All of a sudden, Finn has been in full blowing coat mode. I have been struggling with getting him combed out. His hind end is like a felted layer of wool. I know it has been mentioned on the forum in the past, and I now remember Karen has cornstarch in Kodi's grooming supply basket, but I had kind of forgotten about trying to use it .:frusty: Augie had some matting, but nothing like this. I was whining and moaning about Finn's hair, and Kathie asked me if I had tried the cornstarch. So, tonight, I did try it. It really helped. And, for some reason, Finn cooperated so much better tonight about being combed. 

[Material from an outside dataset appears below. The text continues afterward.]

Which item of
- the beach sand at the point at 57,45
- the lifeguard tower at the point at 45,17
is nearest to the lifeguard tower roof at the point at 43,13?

So, this is a public Thank You to Kathie for reminding me about using the cornstarch! eace: And if there are any newer forum members who are going through coat blowing with their fur babies and hadn't heard about the cornstarch (or forgot!), it is definitely worth a try!


----------



## Kathie (Jul 31, 2008)

So glad I could help, Linda! :biggrin1:


----------



## TilliesMom (Sep 30, 2010)

awesome!!


----------



## pjewel (Apr 11, 2007)

Based upon my first experience with the Ziggy's shampoo, it also is a big help with matted hair. It was *much* easier to comb Ruby out after her bath. Most of the mats are gone -- not all, but most.


----------



## rokipiki (Oct 15, 2010)

Roki is going through similar phase right now! Yes, felted butt, area around the neck and along his spine. IOD Evening primrose veterinary grade shampoo and grooming spray heped INCREDIBLY! But I would be really gratefull if anyone knows why thi is happening. One day no matts onli nice hair easi to brush and comb, and another day matted all ove in no time. Last two weeks I brushed and combed out incredible amount of wooly stuff (undercoat)! Anyone knows what's this and how to stop it? With all those matts and tangles over him Roki get so nervous during our regular daily grooming sessions.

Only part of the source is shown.